_What to do_:
Repeat each entry word for word; the images are not part of the copy.
Input Start Marker
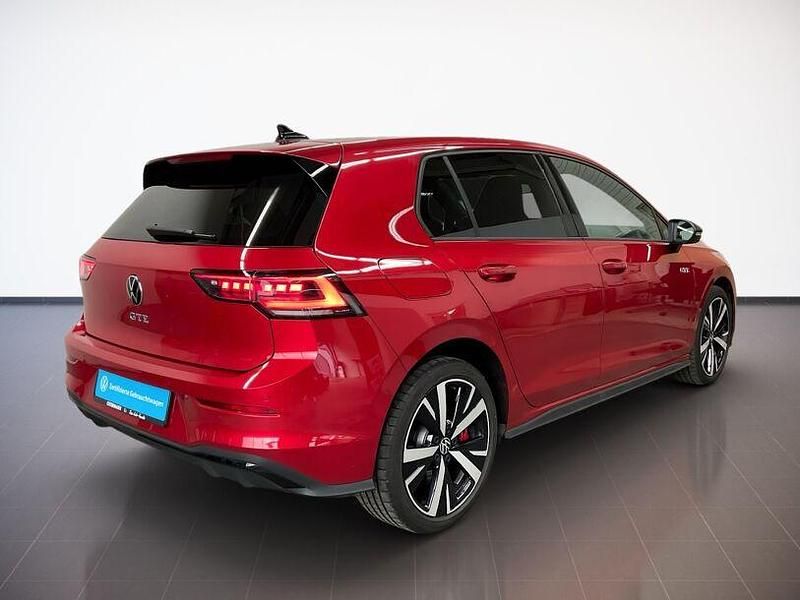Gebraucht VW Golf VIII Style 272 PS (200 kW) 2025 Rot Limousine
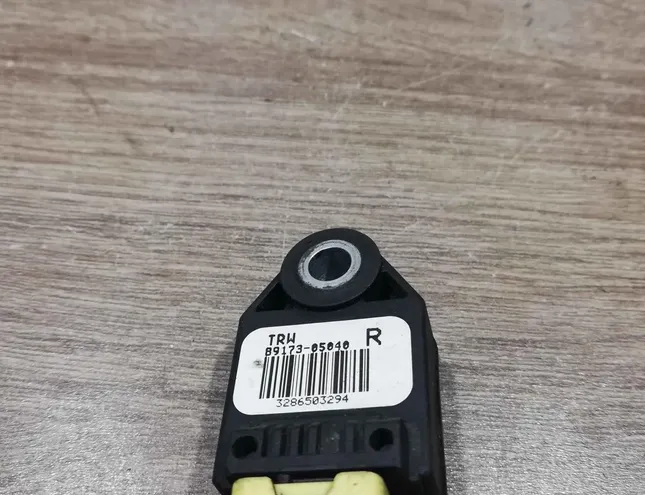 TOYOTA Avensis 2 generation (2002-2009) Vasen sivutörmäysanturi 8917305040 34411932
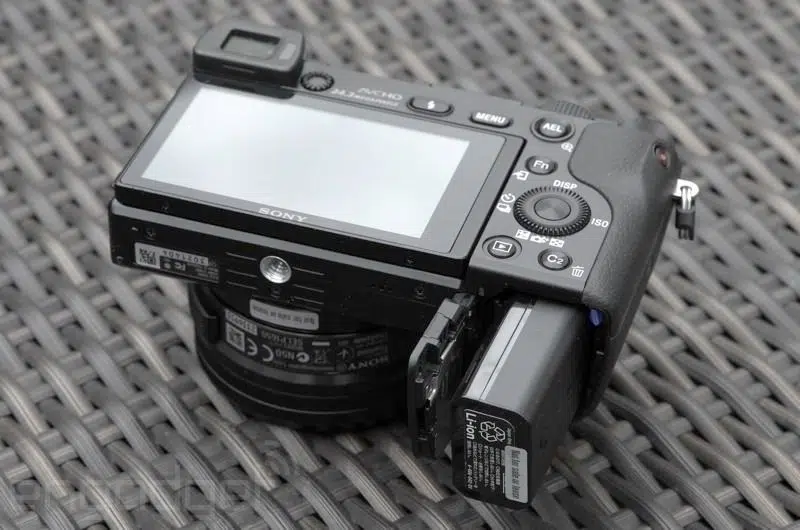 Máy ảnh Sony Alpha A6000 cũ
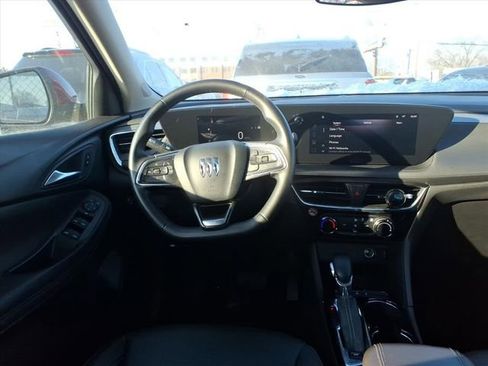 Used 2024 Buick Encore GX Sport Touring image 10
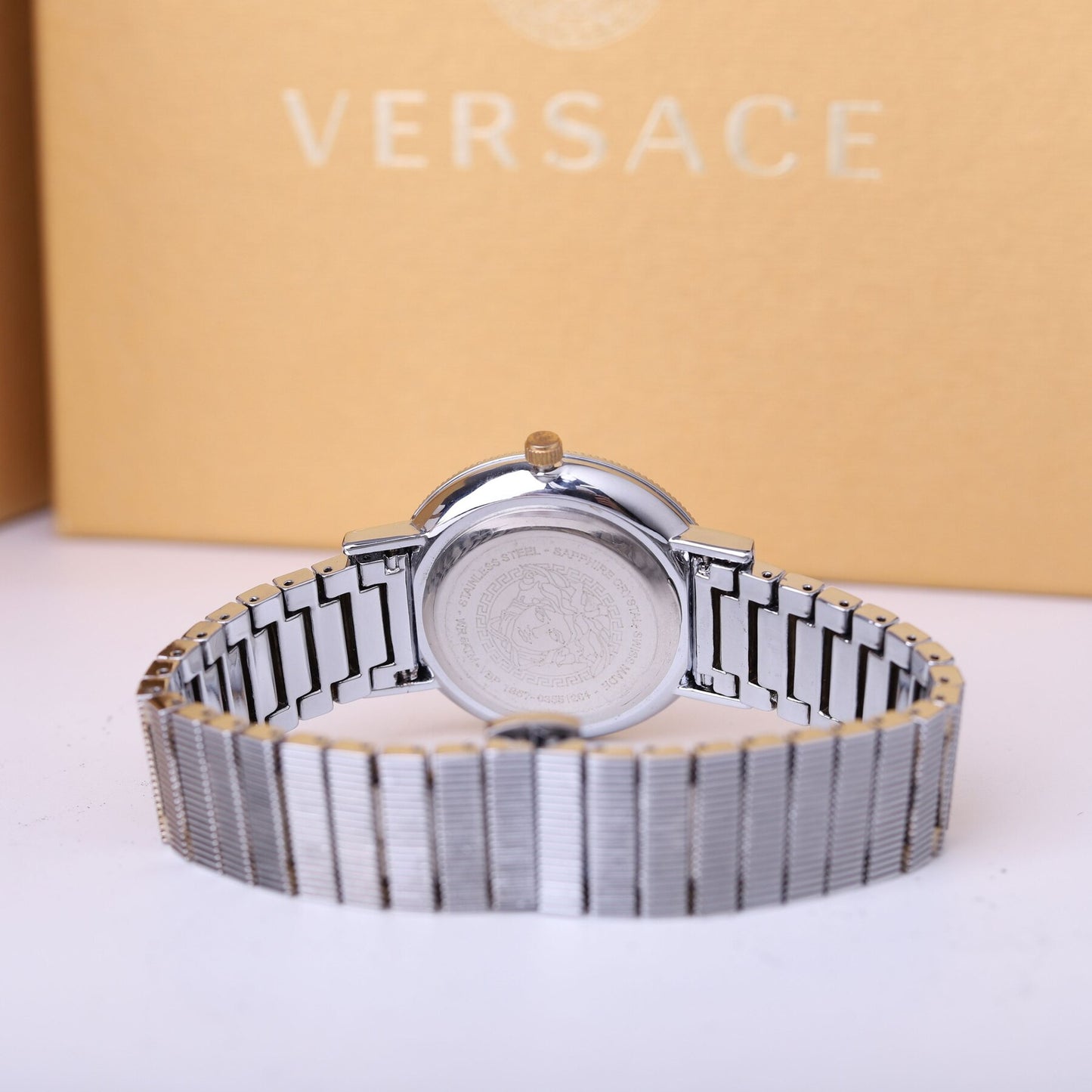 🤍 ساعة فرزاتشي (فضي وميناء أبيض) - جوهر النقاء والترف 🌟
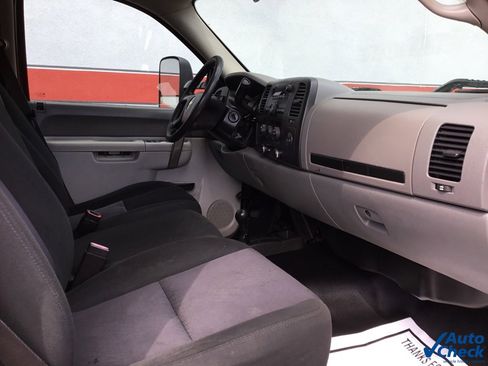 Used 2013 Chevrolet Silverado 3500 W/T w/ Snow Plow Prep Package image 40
Input End Marker
_Response to the exercise_:
Gebraucht VW Golf VIII Style 272 PS (200 kW) 2025 Rot Limousine
 TOYOTA Avensis 2 generation (2002-2009) Vasen sivutörmäysanturi 8917305040 34411932
 Máy ảnh Sony Alpha A6000 cũ
 Used 2024 Buick Encore GX Sport Touring image 10
 🤍 ساعة فرزاتشي (فضي وميناء أبيض) - جوهر النقاء والترف 🌟
 Used 2013 Chevrolet Silverado 3500 W/T w/ Snow Plow Prep Package image 40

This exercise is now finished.